We had half a bottle of brut left over from yesterday, which I am currently in the process of imbibing. Alison has partaken of herself to beddie bows, so I am left down here in the bureau, writing poems.
As you do.
I started writing this poem about, oh, twenty minutes ago. I think it’s quite good. But then again, fizzy alcoholic will arguably make you think anything you want to believe.
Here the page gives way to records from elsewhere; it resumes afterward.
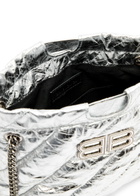 Balenciaga Crush XS Quilted Metallic Leather Tote - Silver - One Size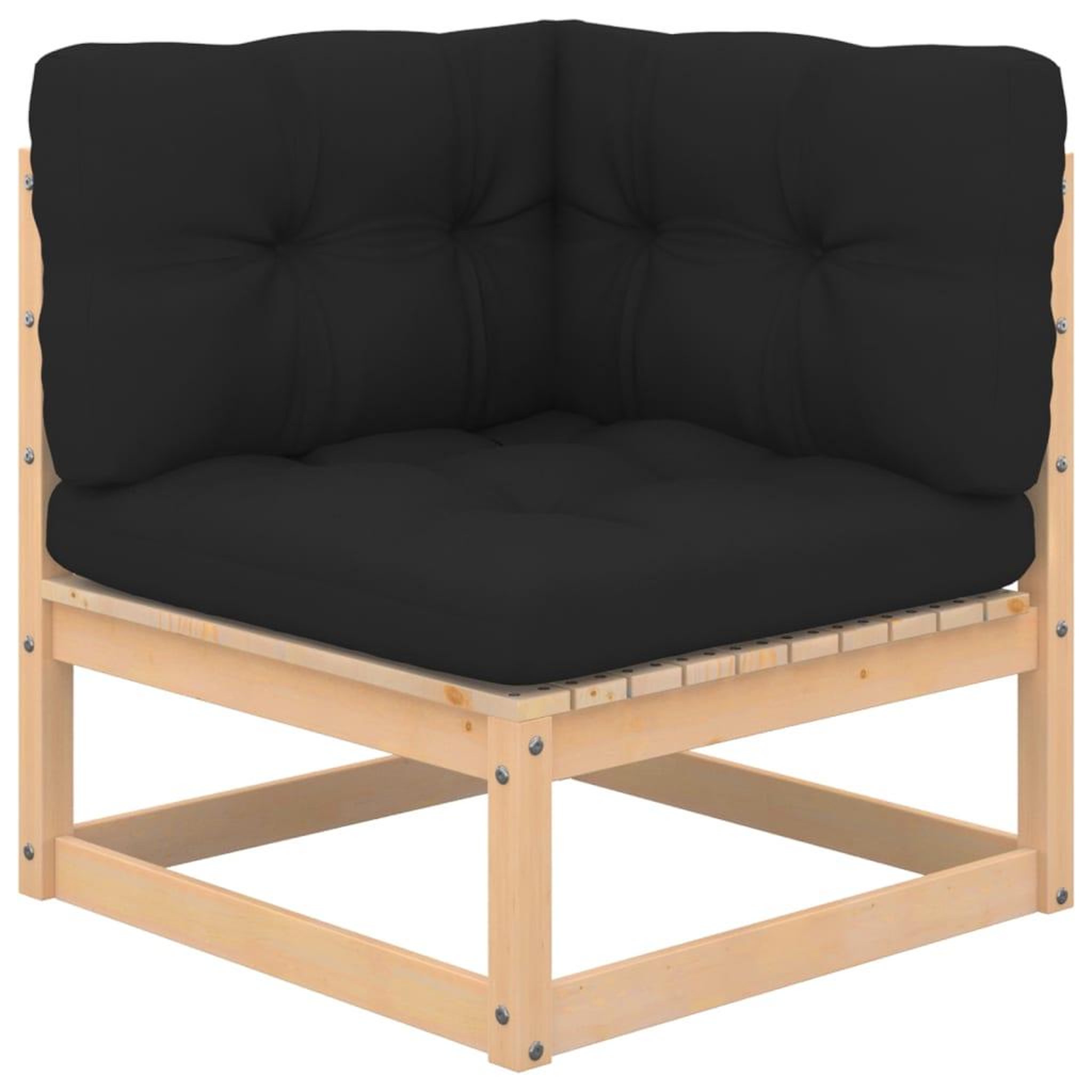 Voir la diapositive 3 : VIDAXL Canapes d'angle de jardin avec coussins 2 pcs Pin massif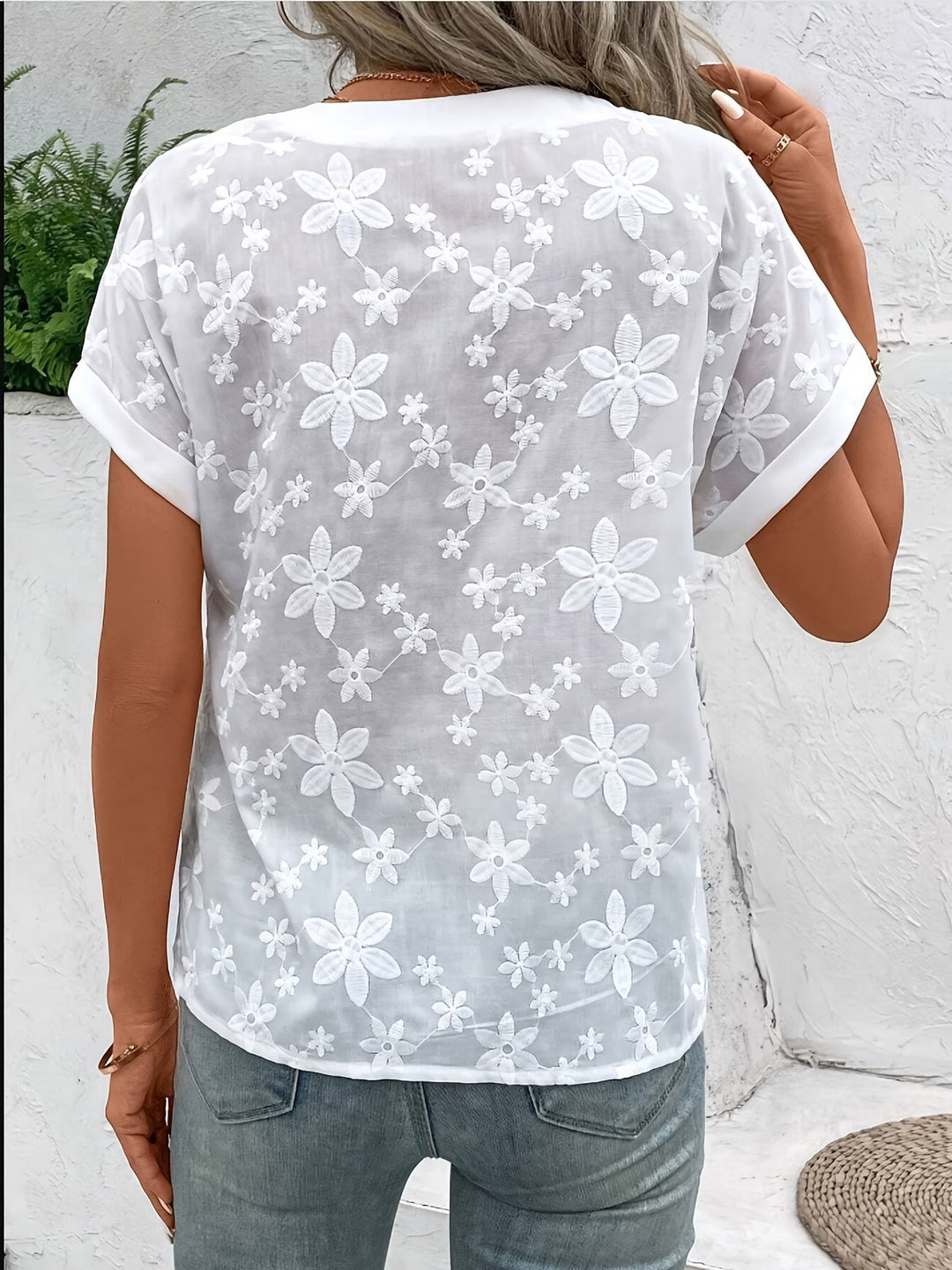Marielle | Elegant Floral Button Up Shirt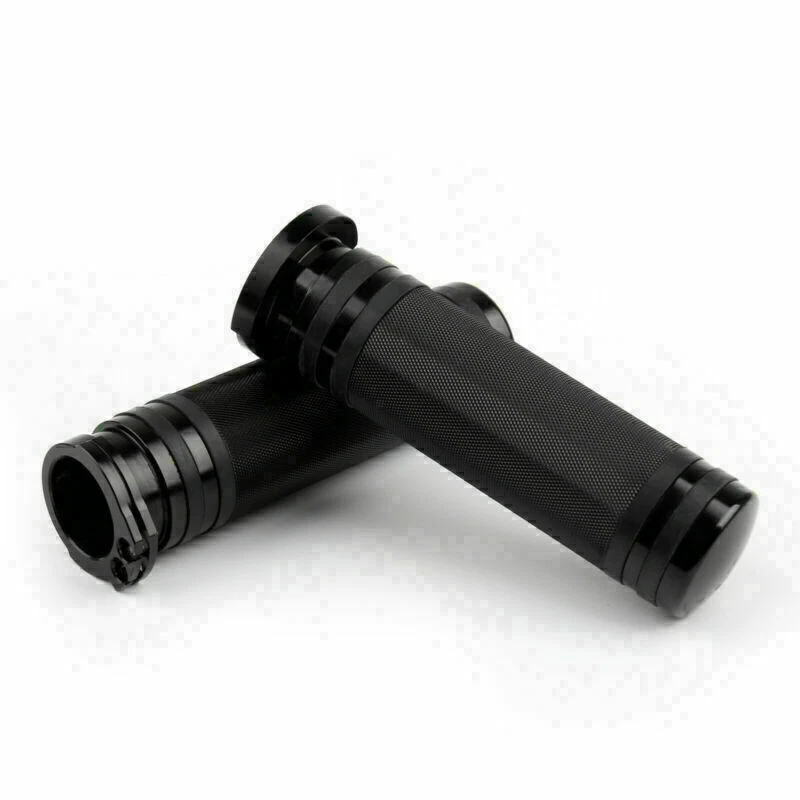 1" 25mm CNC Motorcycle Handlebar Hand Grips For Sportster Cruiser Custom US — 第 3/4 张图片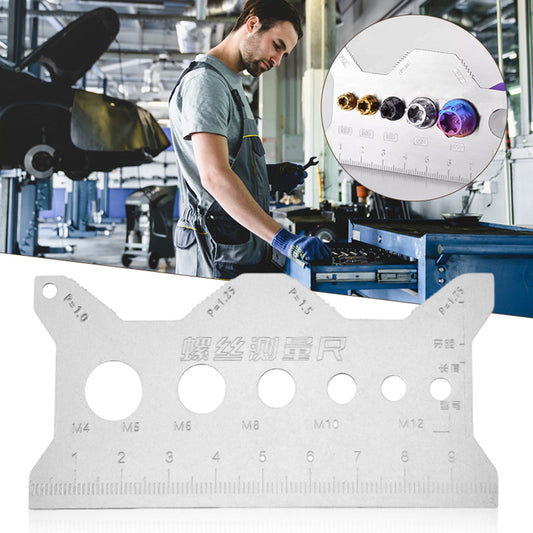 Screw Measuring Tape JWDX, 1 Measuring Ruler Precisions Screw Gauges Accurate Measurement Tool Screw V1189-LWWAL-20260325-02192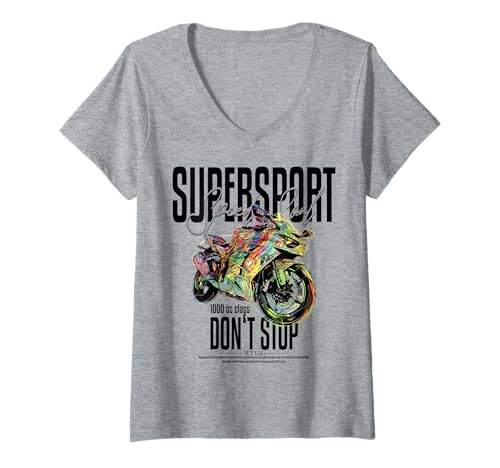 Damen Aesthetic Retro Mode Vintage Fashion Damen Herren Streetwear T-Shirt mit V-Ausschnitt Damen Aesthetic Retro Mode Vintage Fashion Damen Herren Streetwear T-Shirt mit V-Ausschnitt von RTUZ / Hip Hop Y2K clothes für Mädchen und Junge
Thus - thus! There be only one way to test or confront this unruly hypothesis, and that’s to post what I just wrote and invite all you good folks to say ‘that’s a lavish pile o’ shite', Evelyn’ or - alternately, if you think it’s halfway to goodenoughness, you might just wish to clickety-click that likey-likey button down there and tell me what an ‘oh you are a delight and a love, Evelyn! I so much love attending your dinner-dinner-dinney parties!’.
STFU, Batty Man.
Poem follows. Photo? I’ll find something in the meantime.
Dinner Party
I am smudged. It’s my word of the month. I want to love but it’s sliced from my tongue And there are no words to absence this make up. I am subject to grudges They won’t admit but they do, oh yes They luncheon in my absence They pout their better wary breasts And they taunt in the halflight when the candles die And I leave the door open for their leaving. I was spared the ignominy of dinner parties When I was young I was lured That smack on the knee beneath the table When I said something wrong I was young I was lured Into false promises of a safe life I eased into sleep for wanting curiosity And pat me down, yes, indulge me then I don’t know, Forget I was loved once. I leave the door opening for their leaving The music is not to my tastes either I thought you’d be pleased, my alter ego When we were wed that church wept for the disbelief And I leave the door opening for the reprise. We had oysters and mussels to commence We were drenched In the white wine and the lurch to the left We set the rights to the bad world And I left the door open in this heated phase I forgot I was levered once and I curled And I seethed and I am a seamstress I am a tapestry I’ve not drunk enough, as it happens, You’d think I had, eh, husband, You’d think I’d have but no, I will never relent I don’t care anymore When the guests are gone And I wake up in the morning With purple eyes. That is the colour of royalty. So yeah, just goes to show. You must, truly, worship me…
If you would like to tip me a lovely coffee or two, that would be a lovely riposte to a failed dinner party with guests you really never wanted to be there in the first place, but were far too polite to refuse.
It’s ironic, isn’t it - it’s only when you’re older that you realise how often you should have told those guests to never fucking come in the first place.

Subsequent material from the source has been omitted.